Flood insurance can be prohibitively expensive in the most high-risk areas, so if you’re wondering how you can minimize or opt out of flood insurance requirements, you’re probably not alone. Fortunately, there are a few things you can do to lower the cost of coverage or potentially become exempt from flood insurance requirements.
If you believe the NFIP incorrectly determined that your home was in a Special Flood Hazard Area, you can submit an application to FEMA to request a change in flood zone designation.
Once FEMA reviews the request, they will issue a response either denying or accepting the map change request, also known as a Letter of Map Amendment (LOMA). If the map revision is approved, be sure to show this document to your lender to have the flood insurance requirement removed.
As we touched on earlier, private flood insurance is often cheaper than NFIP coverage, not to mention the coverage itself is superior. If you’re looking for cheaper insurance alternatives, your best bet as always is to re-shop your insurance.

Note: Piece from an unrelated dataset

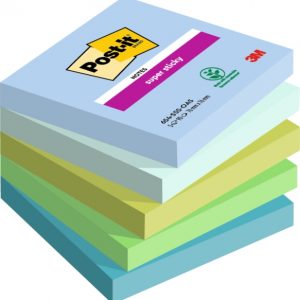 Post-It Super Sticky Pack de 5 Blocs de 90 Notas Adhesivas Reposicionables - Forma Cuadrada - 76x76mm - Colores Surtidos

If you have a government-backed or conventional mortgage on your home, your lender is typically required by law to require flood insurance. That isn’t the case, however, with home loans that aren’t required to meet Fannie and Freddie guidelines, or nonconforming mortgages.
If you’re looking for a mortgage with less strict standards and insurance requirements, or you’re planning on refinancing anyway, look into a nonconforming mortgage with a private lender.
Mortgage lenders have a financial interest in protecting your property from catastrophic events, including tornadoes, wildfires, and flooding. While just about every lender requires homeowners insurance, flood insurance is usually only mandatory if your home is in a high-risk flood zone.
A flood insurance policy through the NFIP costs around $700 annually, but the cost of your own policy will depend on which flood zone you’re in and the BFE of your property.
Short term, your best bet may be to shop around and check prices with private flood insurers. Long term, consider retrofitting your home. Raising your home’s elevation or moving systems and utilities (like water heaters, electrical and plumbing) above the BFE can all result in lower rates. Filling in crawl spaces and basements can also lead to lower flood insurance premiums.